16 February 2023
King's expert warns scrapping England's cancer plan will cost lives
Professor Richard Sullivan at the Institute of Cancer Policy writes in the BMJ today that the UK government’s proposal to roll England’s long-term plan for cancer into one strategy covering all major conditions is ‘a catastrophic decision that will cost lives’.
Professor Sullivan, along with co-writer Ajay Aggarwal at the London School of Hygiene & Tropical Medicine says the decision “jettisons decades of global consensus that to deliver affordable, equitable and high-quality cancer care dedicated cancer plans are required.”
Cancer is the single largest cause of death in the UK and one of the most serious healthcare burdens for societies. The authors explain that the strategic direction and coordination of all cancer services requires both a cancer-specific plan and an array of operational tools to address issues of centralisation and variation in practise to avoid inequalities in access and outcomes. Cancer is also extremely costly for health systems, patients, and wider society.

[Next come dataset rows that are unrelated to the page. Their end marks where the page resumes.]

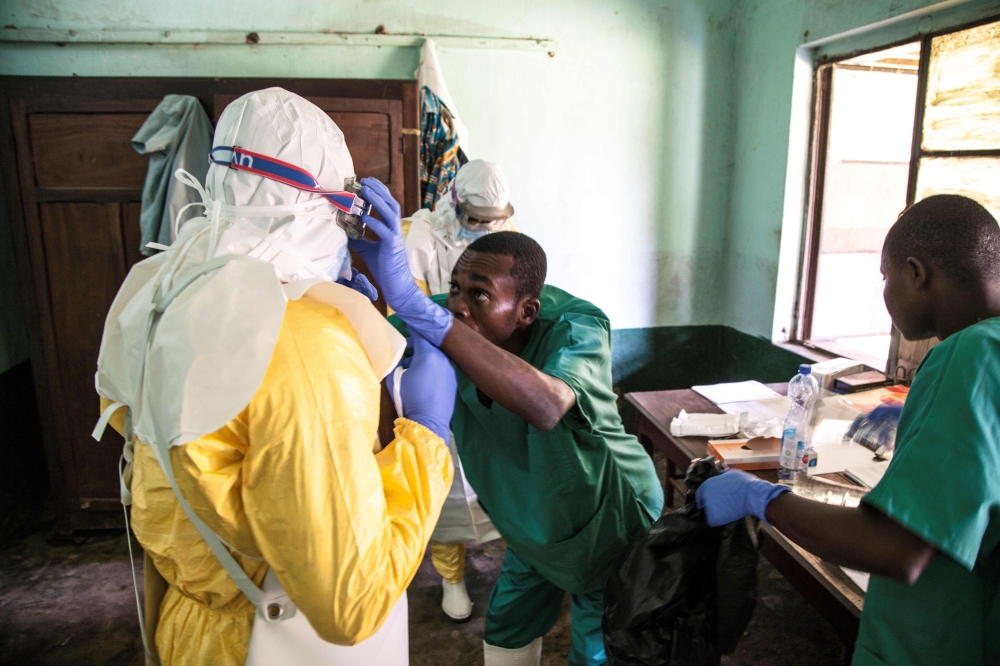 Health workers wear protective equipment as they prepare to attend to suspected Ebola patients at Bikoro Hospital - the epicenter of the latest Ebola outbreak in the Democratic Republic of Congo - on May 12, 2018, which has sealed off a ward to diagnose s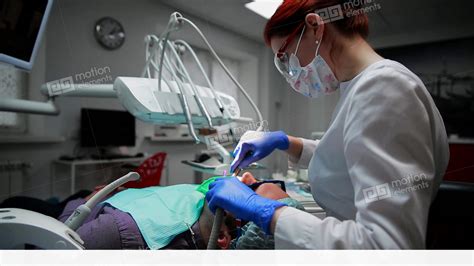 A Woman Holds A Dentist Drilling Patients Tooth And The Fence The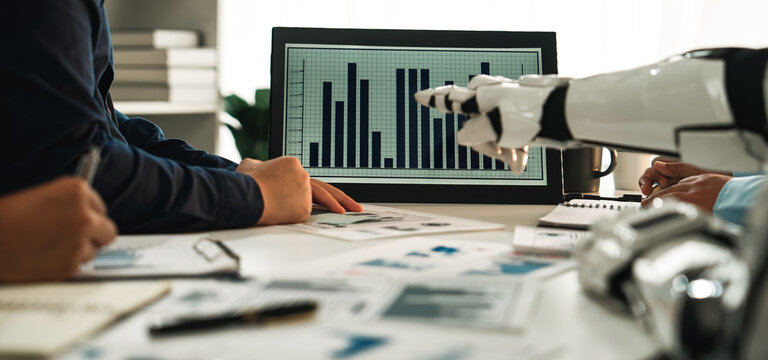 A dynamic office scene showcasing teamwork, where individuals collaborate with futuristic robotic technology and data analytics to drive business strategies effectively.Noogenesis - Powered by Adobe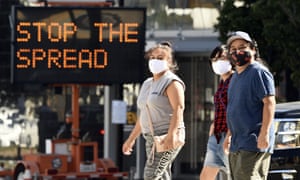 People wearing masks in front of a coronavirus sign are urging citizens to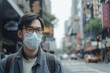 © alisaaa - Gentleman with in coronavirus infected city wearing a pollution mask One man, young Taiwanese businessman downtown in Taipei, wearing a pollution mask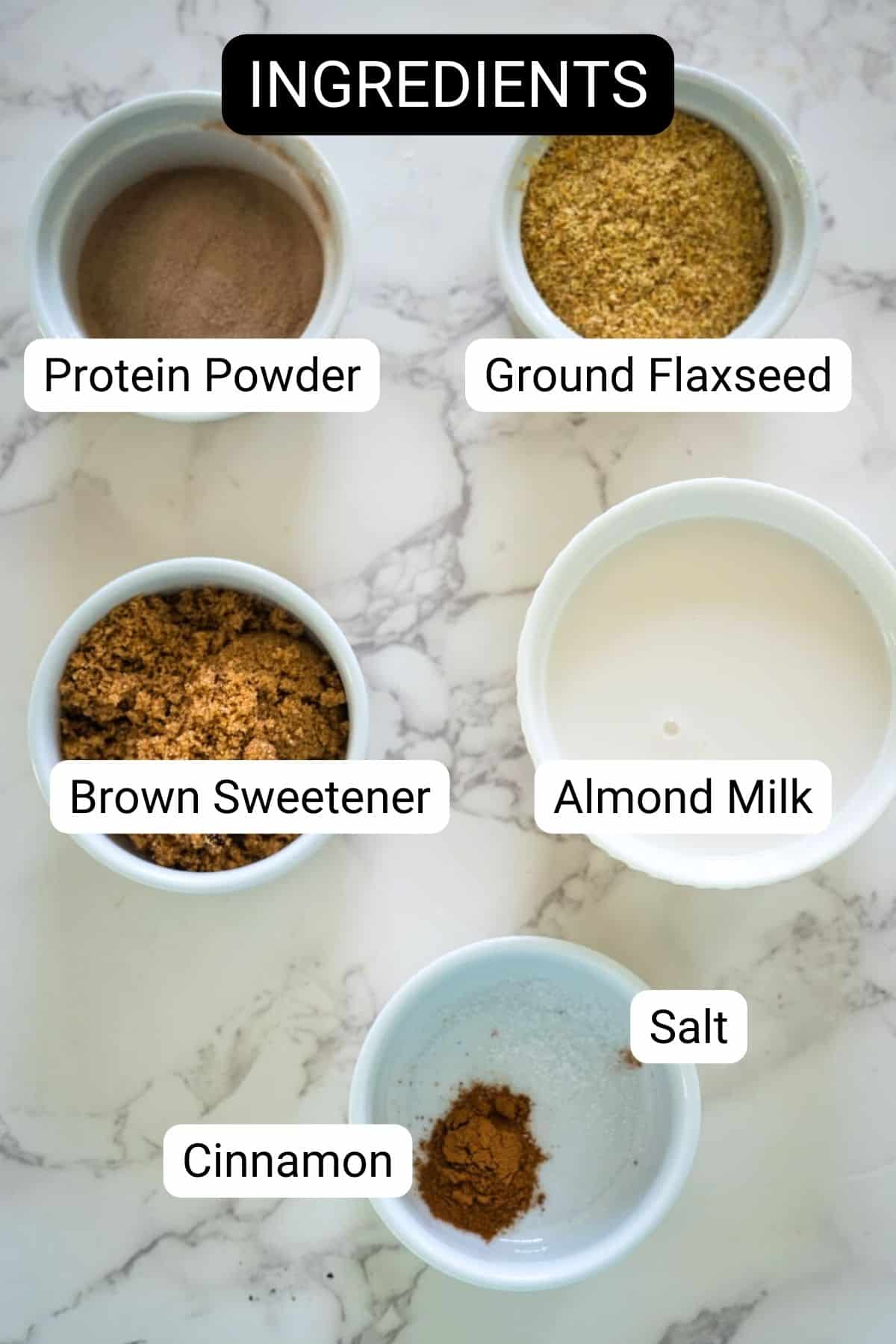 Bowls of various baking ingredients labeled: protein powder, ground flaxseed, brown sweetener, almond milk, salt, and cinnamon.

They argue that the current plan to subsume England’s long-term plan for cancer into a generic chronic disease strategy “is totally inconsistent with internationally accepted benchmarks set by the World Health Organisation and followed by all other member states.”
They add that subsuming cancer into an overall non-communicable disease agenda “simply signals that cancer is no longer a political priority, or reflects a government not willing to deal with its complexity and escalating costs.”
A long-term plan for cancer is more critical than ever following over a decade of declining funding for cancer services compounded by the impact of the Covid-19 pandemic, they add. Such a plan needs to address the post-pandemic realities of backlogs for care: sicker patients with more advanced cancers, and huge deficits in cancer-specific workforce.
They note that national cancer audits in England and Wales report wide variation in access to the most effective cancer treatments and in quality of care.
“These quality gaps reflect systemic and structural issues across multiple and complex cancer pathways that can only be addressed by an evidence driven dedicated cancer control plan which considers the key determinants of cancer outcomes, in particular workforce, infrastructure, quality assurance and health service delivery,” they conclude.